=== RECORDED INFORMATION ===
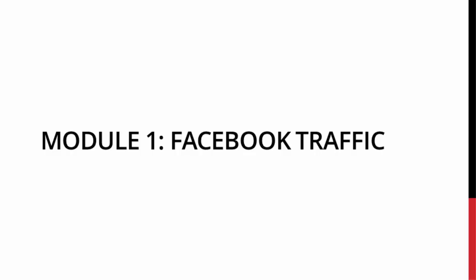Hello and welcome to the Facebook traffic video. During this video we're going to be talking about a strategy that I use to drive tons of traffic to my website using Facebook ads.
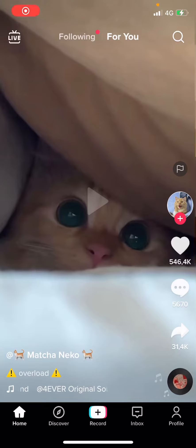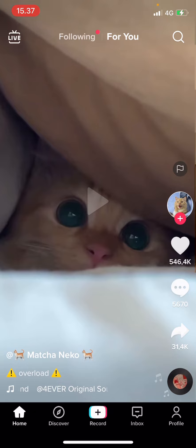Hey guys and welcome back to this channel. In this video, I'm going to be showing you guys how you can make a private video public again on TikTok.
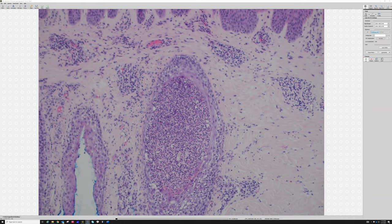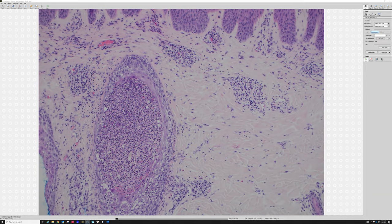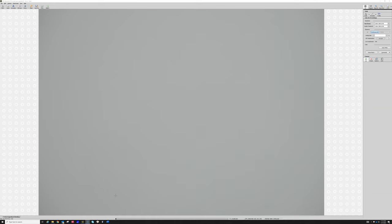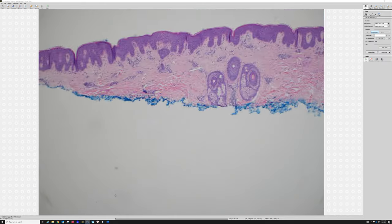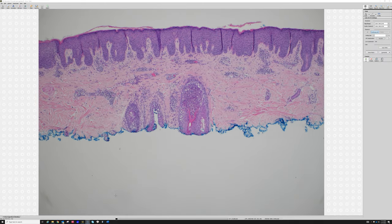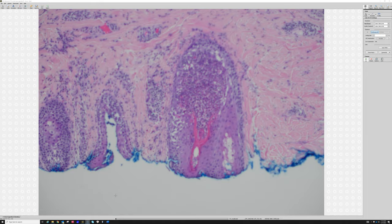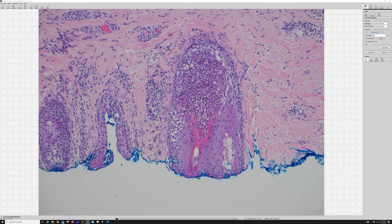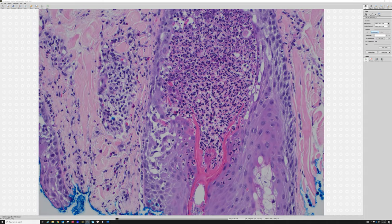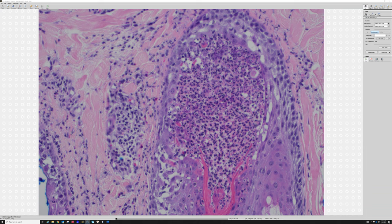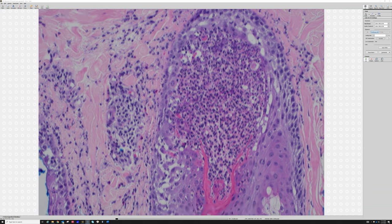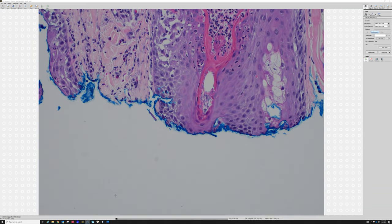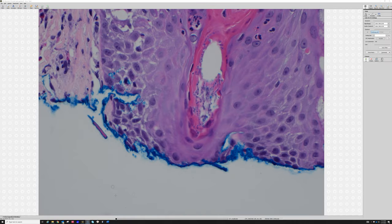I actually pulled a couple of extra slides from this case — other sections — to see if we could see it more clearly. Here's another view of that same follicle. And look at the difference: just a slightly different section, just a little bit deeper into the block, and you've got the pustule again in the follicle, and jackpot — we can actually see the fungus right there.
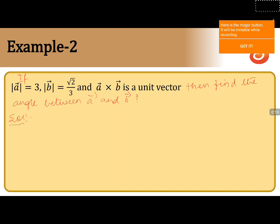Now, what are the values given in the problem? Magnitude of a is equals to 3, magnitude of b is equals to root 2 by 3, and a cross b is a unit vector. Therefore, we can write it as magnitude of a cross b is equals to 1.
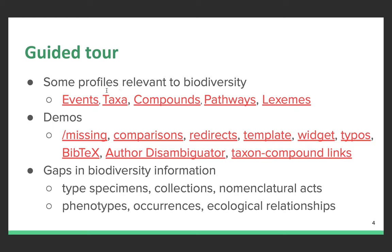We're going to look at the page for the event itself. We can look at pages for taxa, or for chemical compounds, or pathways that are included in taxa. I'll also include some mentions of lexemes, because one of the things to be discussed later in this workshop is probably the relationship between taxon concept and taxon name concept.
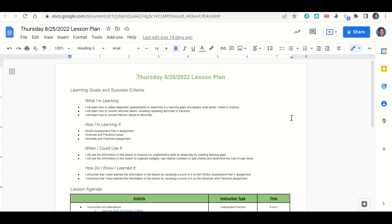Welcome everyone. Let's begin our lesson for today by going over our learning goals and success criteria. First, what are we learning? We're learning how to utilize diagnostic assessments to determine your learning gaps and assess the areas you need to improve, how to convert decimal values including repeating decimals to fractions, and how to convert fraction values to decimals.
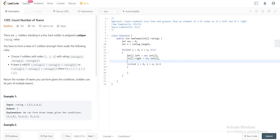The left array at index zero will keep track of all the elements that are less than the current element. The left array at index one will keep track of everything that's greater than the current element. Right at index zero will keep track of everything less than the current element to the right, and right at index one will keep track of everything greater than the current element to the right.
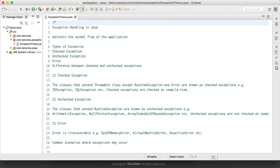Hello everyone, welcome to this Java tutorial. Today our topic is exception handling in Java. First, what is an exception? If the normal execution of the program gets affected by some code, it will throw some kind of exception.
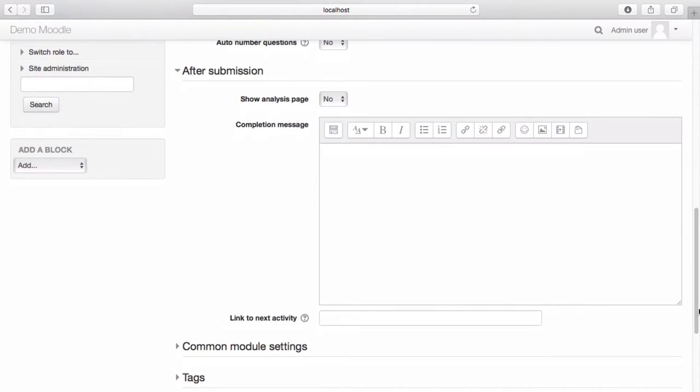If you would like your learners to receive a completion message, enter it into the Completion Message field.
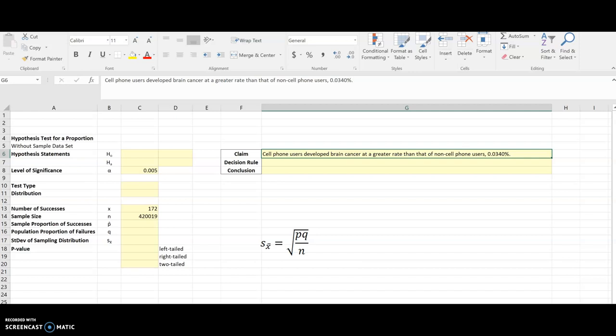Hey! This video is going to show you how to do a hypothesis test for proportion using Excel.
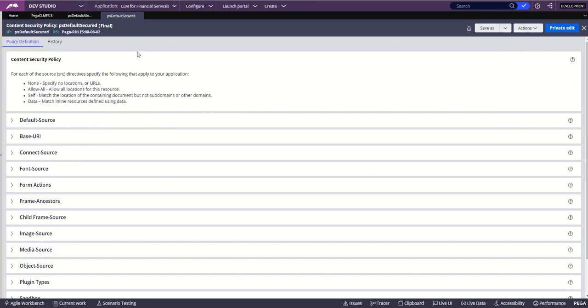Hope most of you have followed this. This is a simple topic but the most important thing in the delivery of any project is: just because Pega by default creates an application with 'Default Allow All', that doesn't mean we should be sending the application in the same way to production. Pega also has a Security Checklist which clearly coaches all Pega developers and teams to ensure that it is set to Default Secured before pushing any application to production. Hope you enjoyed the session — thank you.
===
→ TASK REQUIREMENTS:
The expected output is an exact retyping of the lines from the line with "Hello everyone, welcome" through the last line of the data, with both ends kept and the pictures dropped.

→ TASK RESULT:
Hello everyone, welcome to this Java tutorial. Today our topic is exception handling in Java. First, what is an exception? If the normal execution of the program gets affected by some code, it will throw some kind of exception.
If you would like your learners to receive a completion message, enter it into the Completion Message field.
Hey! This video is going to show you how to do a hypothesis test for proportion using Excel.
Hope most of you have followed this. This is a simple topic but the most important thing in the delivery of any project is: just because Pega by default creates an application with 'Default Allow All', that doesn't mean we should be sending the application in the same way to production. Pega also has a Security Checklist which clearly coaches all Pega developers and teams to ensure that it is set to Default Secured before pushing any application to production. Hope you enjoyed the session — thank you.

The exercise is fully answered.